作品は題名から察せられるように、音楽漫画である。音楽の表現に重きを置かず、ピアノを演奏する人間の機微を丹念に描いている良作である。音を主題のひとつに据えた「神童」とは目指す方向が違う物語である。
少年少女の心の動きが中心だけに、ピアノ演奏場面には、驚くような技巧を用いた演出もなければ、斬新な表現を駆使しているところもない。楽譜を擬音替わりに、そして鍵盤をはじく指の動きを星らしきもので表しているに過ぎず、音楽を体感させようという凝った描写がない。にもかかわらず、私は5巻の主人公・カイの演奏場面と6巻の誉子のそれに戦慄めいたものを感じてしまったのである。特別にその曲目の薀蓄を知っていたというわけではない、というか正直全く知らない。だが、明らかに、カイの親友・宿敵となるだろう修平の言葉を引用するまでもなく「何か」があった、一体なんだろうか、音楽は画面から鳴り響いてこないのに実感した音楽とはなんだろうか……特に6巻の誉子のピアノにはとても心が動かされた、いや、ほんとに。大袈裟ではなくて、感動してしまった。主人公がいない場面なのに。作者に拍手を送りたいくらいだ。というわけで、その「何か」について個人的な思いを述べてみる。
クラシック曲の解説・評論には、しかつめらしい調子でここの旋律のイメージがどうの作曲者自身の思想がこうのといった感じの文章が寄せられるという。曲が生まれた背景や作曲者の態度を知るには都合がよかろうが、果たして曲本来の持つ味というか、聴く者がそれぞれ抱くだろう感情を解きほぐすにいかほどの意義があろうか、となるとたちまちにして色褪せる。この辺が漫画の感想と違うところで、つまり演奏者についても考慮しなくちゃならないからである。「ピアノの森」は、そうした曲の生まれた背景をとっぱらって、作曲家と演奏家という構図にして、ややこしい音楽の解説を簡略してしまった。2巻後半で多くの作曲家が紹介されるくだりがわかりやすい。子犬のワルツ以上にショパンに惚れたカイは、これを機に阿字野にピアノの教授を請い、本格的に物語が転がり出す。

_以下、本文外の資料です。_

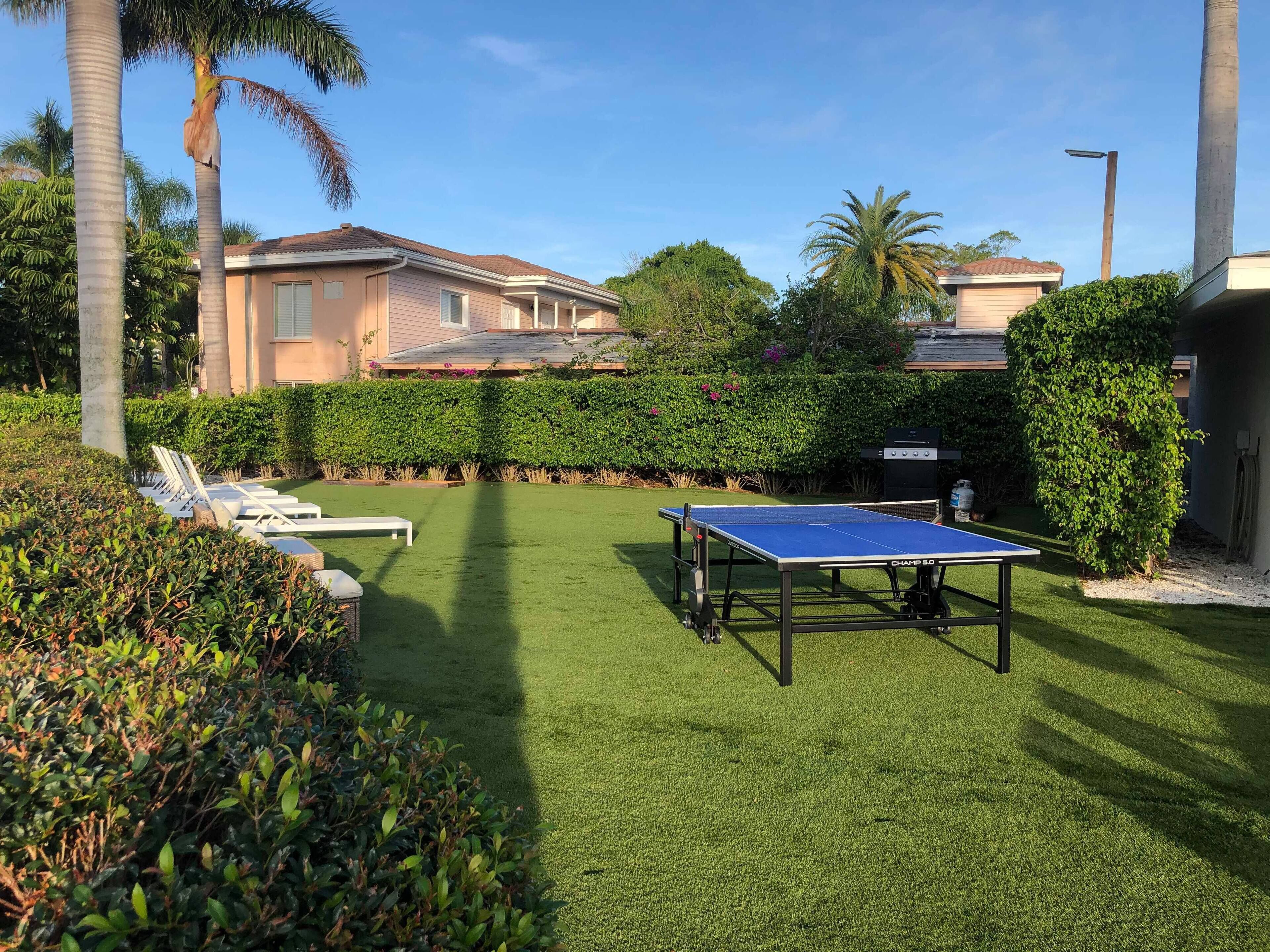 A well-maintained outdoor area with a ping pong table, lounge chairs, and a neatly trimmed hedge.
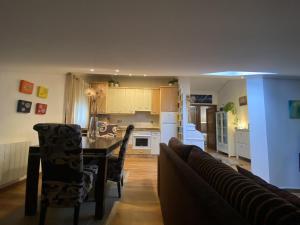 usgo beach apartment في Miengo: مطبخ وغرفة معيشة مع طاولة وأريكة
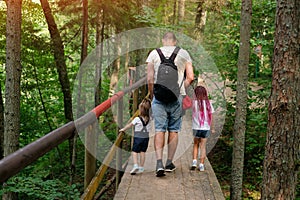 The family travels along ecological hiking trails in the forest
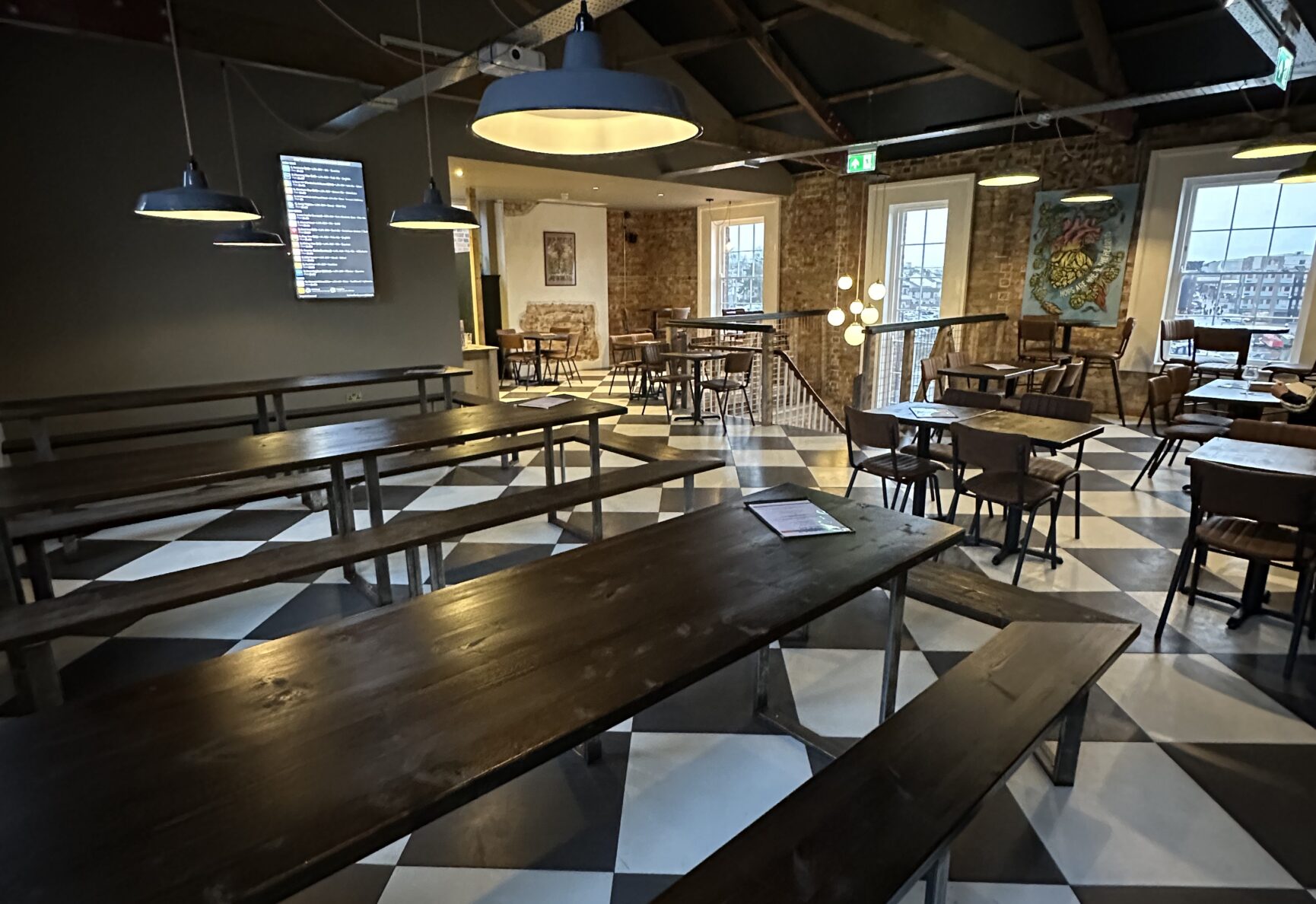 An view of the open plan room upstairs in Hop Kettle. The place where pub quizzes are held. There are long wooden tables and benches, and groups of other smaller tables.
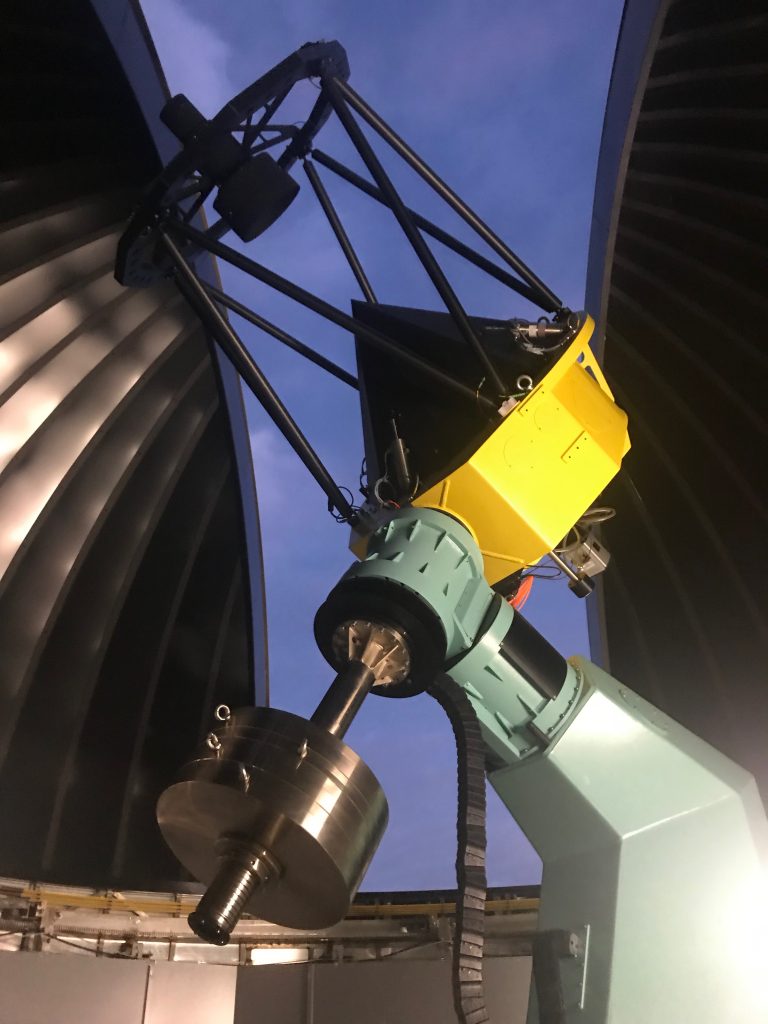 Telescope inside observatory dome.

3巻あたりから5巻の見せ場であるカイの演奏場面を盛り上げる仕掛けが次々と描写され読者の頭に刻み込まれる。伏線、といったようなものではなく、物語全体の力で音が聞こえなくても演奏している場面そのものを盛り上げようという作者の苦心のあらわれだろうか。形を変えて繰り返される言葉はこうつながる、まず3巻134頁「母に聴かせるためのピアノ」、続いて194頁月光を浴びて「ピアノの森」とその後に続くカイが想像した森の中という好きな場所、4巻で敵として認識されたモーツァルトと「自分のピアノを弾け」と言う阿字野……要約すると、自分の好きな場所で誰かの為に自分のピアノを弾け、ということを物語の中に仕組んで、そこに修平とのやりとりも絡めて、まるで終盤に向かって登場人物たちが収束されていくように、5巻のカイに向かって全体が突進していくのだから、ちょっとでも作品世界にのめり込んだ者なら誰でもその波にさらわれてしまうは必然なのだ。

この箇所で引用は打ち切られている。